What the Trump-Kushner peace plan might actually mean

Congress will need to amend those laws or establish a new legal mechanism through which the United States can assist the Palestinian Authority but it wouldn’t be enough to buy peace.

There is still no date for the Trump administration’s long-trailed Palestinian-Israeli peace plan but we know it won’t be until after Israel’s April 9 elections. That’s what Jared Kushner, US President Donald Trump’s son-in-law and senior adviser, recently said.

As we inch closer to its unveiling, what might the plan actually mean?

First, an American administration is once again actively trying to make “peace” in the Middle East, a worthy initiative, albeit with a demonstrated preference for one party. Obviously, this peace plan cannot be seen as impartial or fair. It would need to heavily incentivise Palestinian participation to overcome shamelessly privileging Israel. So far, there is little sign that will be on offer, in which case the plan won’t be about making peace so much as a call for Palestinian surrender.

Second, Kushner told Sky News Arabia in Abu Dhabi that the peace plan is based on freedom, respect, security and opportunity. The focus, he explained, is on economic opportunity. It’s about “what’s holding back the Palestinian people from achieving their full potential and what’s holding back the Israeli people from being able to properly integrate with the whole region.”

It is in Kushner’s declared solution to final-status issues — “the goal of resolving these borders is really to eliminate the borders” — that the still-shrouded peace plan may stand revealed. Did Kushner really mean what the world heard him say? That there is to be no Palestinian state with defined borders?

The US Consulate in Jerusalem has been folded into the American Embassy in the city, effectively downgrading US representation to the Palestinians.
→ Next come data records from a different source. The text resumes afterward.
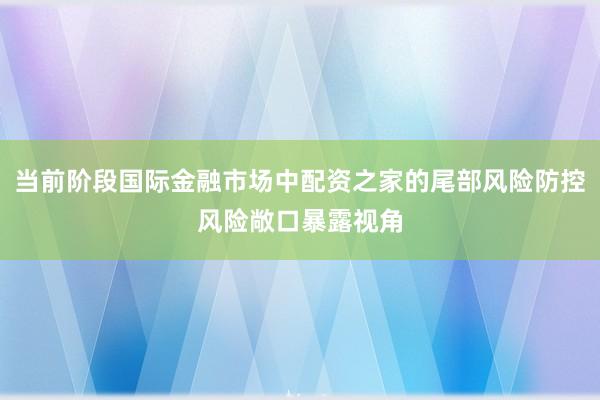 当前阶段国际金融市场中配资之家的尾部风险防控风险敞口暴露视角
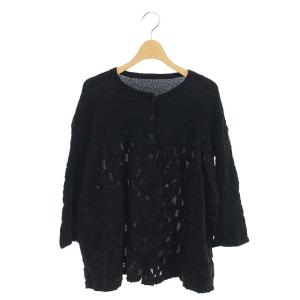 20SS カリフラワー プリーツ切替ブラウス  ブラック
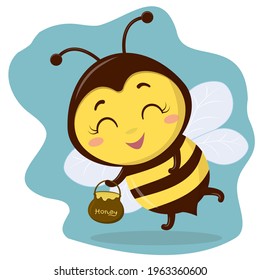 Die süße Bienenfigur hält eine Tasse Honig. Cartoon-Stil, Vektorgrafik.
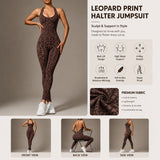 New Gym Fitness Sports Style Solid Yoga Jumpsuits Leopard Print V Backless Ruched Butt Lightweight Backless Breathable Women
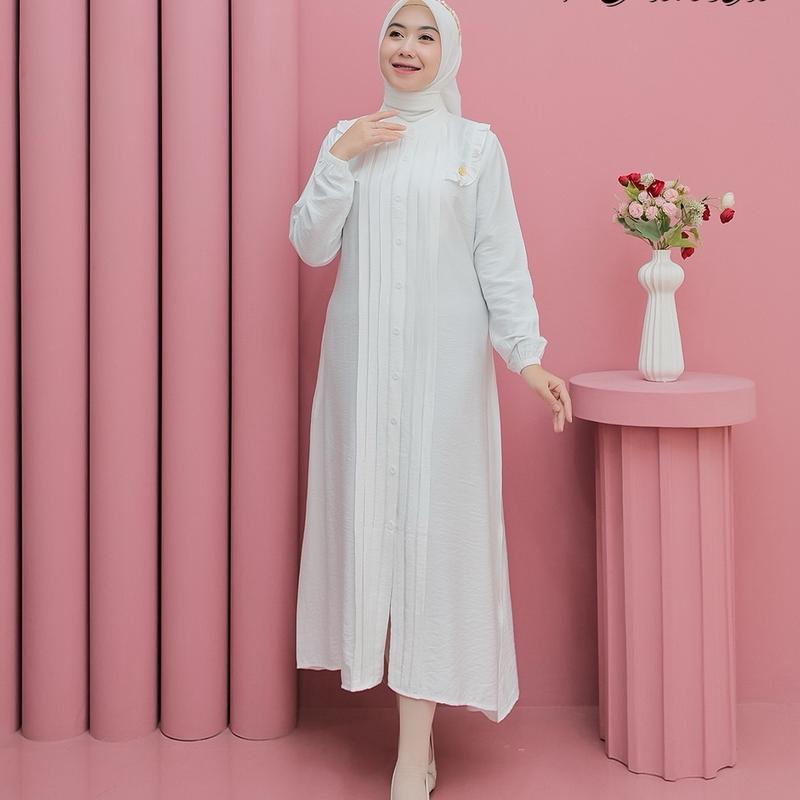 Aleva Midi Dress Polo Linen Kancing Premium By VanilaHijabFashion Lembut Wanita Muslim Linen Midi Nyaman Mewah 5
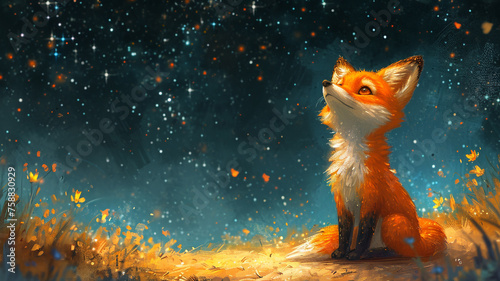 A little fox looking up at a star filled sky photo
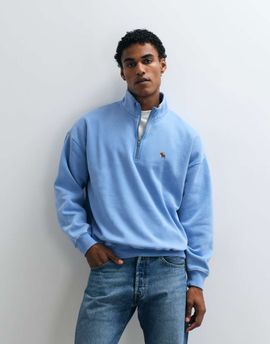Abercrombie & Fitch Abercrombie & Fitch icon logo oversized 1/4 zip sweatshirt in washed blue
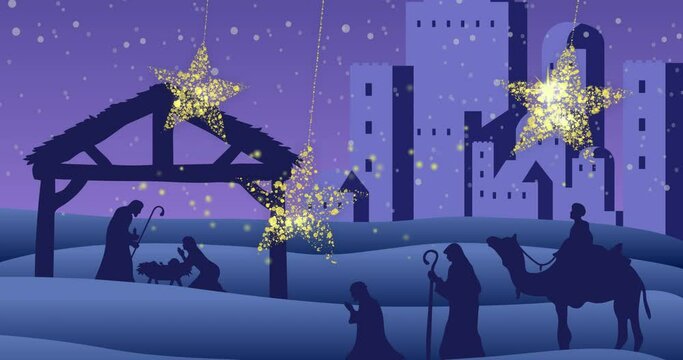Animation of gold christmas stars swinging over silhouette nativity scene and purple city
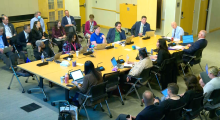 Council members and staff sitting at table during May 4, 2026 study session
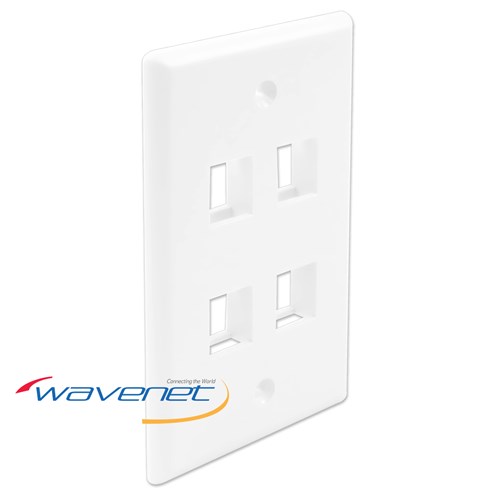 WALLPLATE,KEYSONE,4POS,WHITE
Not only are they a displaced people, they are now to be disappeared.

Do those pushing this supposed peace plan believe the Palestinians will simply drop their demands for justice in return for a grand, if hazy, scheme for “tremendous growth” in the West Bank and Gaza?

As Russian Foreign Minister Sergei Lavrov said March 4 in Riyadh: “The so-called ‘Deal of the Century’ (will reportedly) run counter to the international” parameters for an Israeli-Palestinian agreement and would not be accepted by the Palestinians.
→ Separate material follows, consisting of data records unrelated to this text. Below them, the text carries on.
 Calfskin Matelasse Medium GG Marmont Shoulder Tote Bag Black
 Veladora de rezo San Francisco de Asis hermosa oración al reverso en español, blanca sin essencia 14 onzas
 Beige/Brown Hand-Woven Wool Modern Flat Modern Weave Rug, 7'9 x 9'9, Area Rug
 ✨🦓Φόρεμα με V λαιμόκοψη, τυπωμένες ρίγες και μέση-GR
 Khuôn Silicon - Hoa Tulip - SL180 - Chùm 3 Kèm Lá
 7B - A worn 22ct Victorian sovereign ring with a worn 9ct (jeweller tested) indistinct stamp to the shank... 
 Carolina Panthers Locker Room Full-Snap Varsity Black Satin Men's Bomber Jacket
Third, the Trump administration wants Gulf Arab countries to foot most of, if not the entire, bill for the infrastructure investments proposed by the plan. That bill will reportedly run to tens of billions of dollars. Signing everybody up was part of Kushner’s six-country tour of the Middle East in late February.

Trump’s America must face facts. This US administration has slashed foreign assistance across the board and especially to the Palestinians. In asking allies to stump up, the United States must recognise it, too, will need to make a substantial contribution. This means the Trump administration will have to provide some form of direct foreign assistance to the Palestinians.
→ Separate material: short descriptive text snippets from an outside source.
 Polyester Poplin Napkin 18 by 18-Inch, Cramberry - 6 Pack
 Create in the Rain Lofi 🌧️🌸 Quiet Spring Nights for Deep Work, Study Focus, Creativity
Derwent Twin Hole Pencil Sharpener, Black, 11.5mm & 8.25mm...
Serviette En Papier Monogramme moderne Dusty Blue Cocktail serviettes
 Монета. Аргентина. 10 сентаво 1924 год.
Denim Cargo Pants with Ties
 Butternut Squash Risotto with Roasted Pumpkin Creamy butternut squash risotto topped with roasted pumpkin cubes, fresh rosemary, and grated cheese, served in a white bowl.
There’s the nub. To do this, the White House will have to work with the US Congress to either amend the recently passed Taylor Force Act and the Anti-Terrorism Clarification Act (ATCA) or find a new way of providing direct financial help to the Palestinian Authority.

The Taylor Force Act, which was passed in March 2018, is named after a 29-year-old American military veteran who was fatally stabbed by a Palestinian while visiting Israel in 2016. It sets as a condition for US aid that the Palestinian Authority cease paying families of Palestinians killed or jailed by Israel.

ATCA, which is bipartisan legislation passed by Congress in October, makes any government in receipt of American funding subject to US counterterrorism laws. Potentially, it would leave the Palestinian Authority saddled with lawsuits from families of American victims of past Palestinian attacks. Unsurprisingly, the Palestinians have refused to acquiesce to conditions set by either US law, deeming them too costly.

That the drying up of American assistance is causing pain and disruption is a given. An American official in Israel expressed deep concern about the consequences of ATCA when it went into effect February 1. “Basically, we are stripping millions of dollars of aid from Palestine… Hundreds, if not thousands of jobs will be lost,” he said.

That was then. By now, nearly five weeks on, those jobs are presumably lost and much else besides. This is no way to prepare the ground for peace to flower.

Clearly, Congress will need to amend those laws or establish a new legal mechanism through which the United States can assist the Palestinian Authority but it wouldn’t be enough to buy peace. Only a just solution can do that.